Firstly, I have to say that I asked my ex to provide me with their flight details and he said that he didn’t have that information with him to give me at the time I asked. He never did get me that information. Anything I ask him for he refuses, denies, and avoids. I still haven’t been reimbursed the $197 he owes me and I have incurred further expenses that he owes now too. He is aware of this. It has been more than 3 weeks since I have provided him with receipts that he tried desperately to make sure I couldn’t get to him. Now he wants me to give him birth certificates. I have no idea why these are needed? They aren’t needed. They are flying in Canada so all they have to have is government issued photo ID. My older daughter has her driver’s license and my younger daughter has her passport.
So my response was : “You can have them in exchange for the cheque you owe me. No cheque, no certificates.”
His response: “You can’t hold me and the girls hostage (my name). I’ll have (his lawyer’s name) call (my lawyer’s name) in the morning.”
I told him about the other receipts I had for his reimbursement and that he could review them when he picks up our daughter and leave a cheque for those as well. These are all expenses he agreed to pay as per our mediation agreement.
His response: “You can’t demand anything. I can pay items agreed upon in a reasonable time period not when you demand it. You can’t withhold giving me their travel documents. Legally, you have no grounds. I will get an order if necessary tomorrow and will ask for costs because of your unreasonable nature.”
I reminded him again of who has been unreasonable for 2 1/2 years and that 3 weeks to review receipts he agreed to pay in mediation especially when it is a binding, legal agreement is unreasonable. I also told him I just went through a big move, had so many boxes to unpack still that I didn’t even know if I could find birth certificates. This is true. I kept out my daughter and my passports and put those in my purse but all other documents are boxed up together in my filing case. My ex told me I would hear from my lawyer in the morning. He added that his demand of a birth certificate is not unreasonable and what a joke if I wouldn’t provide them. He added, “And you wonder why people don’t want to help you??”
I responded, “And reimbursing me for expenses you owe is so unreasonable.”
He texted back, “That has nothing to do with your responsibility to provide their travel documents. I’m not wasting time discussing with you. You can pay your lawyer $300/hour to tell you to provide them.” Then he went on to say that I have his birth certificate and social insurance number, too so for me to get those ready to give him along with another cheque for my lawyer. I don’t have any of his documents. I gave him all of his stuff 2 1/2 years ago.

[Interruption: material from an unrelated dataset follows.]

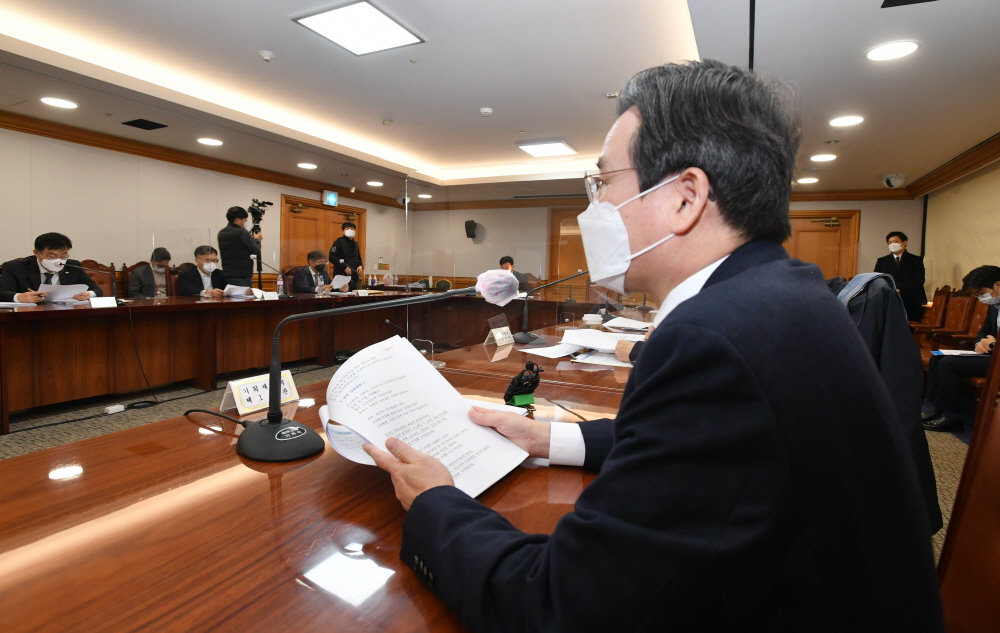 ▲김용범 기획재정부 1차관이 12월 8일 서울 중구 은행회관에서 열린 '거시경제금융회의'를 주재, 모두발언을 하고 있다. (사진제공=기획재정부)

I started to think that he let his passport expire. I know he never renewed my older daughter’s passport. I gave her an application to get this done as well as her expired passport. I followed up with her to do it and she kept saying her dad was going to do it and fast track it but it never got done. I knew my older daughter had her driver’s license and that my ex had travelled since our separation so he had to have documentation to do this. It is very typical of him to leave this all so last minute to make any requests. He never had to worry about travel documents in the past, especially for our children. I handled every detail with respect to our trips. He only packed his clothes for himself.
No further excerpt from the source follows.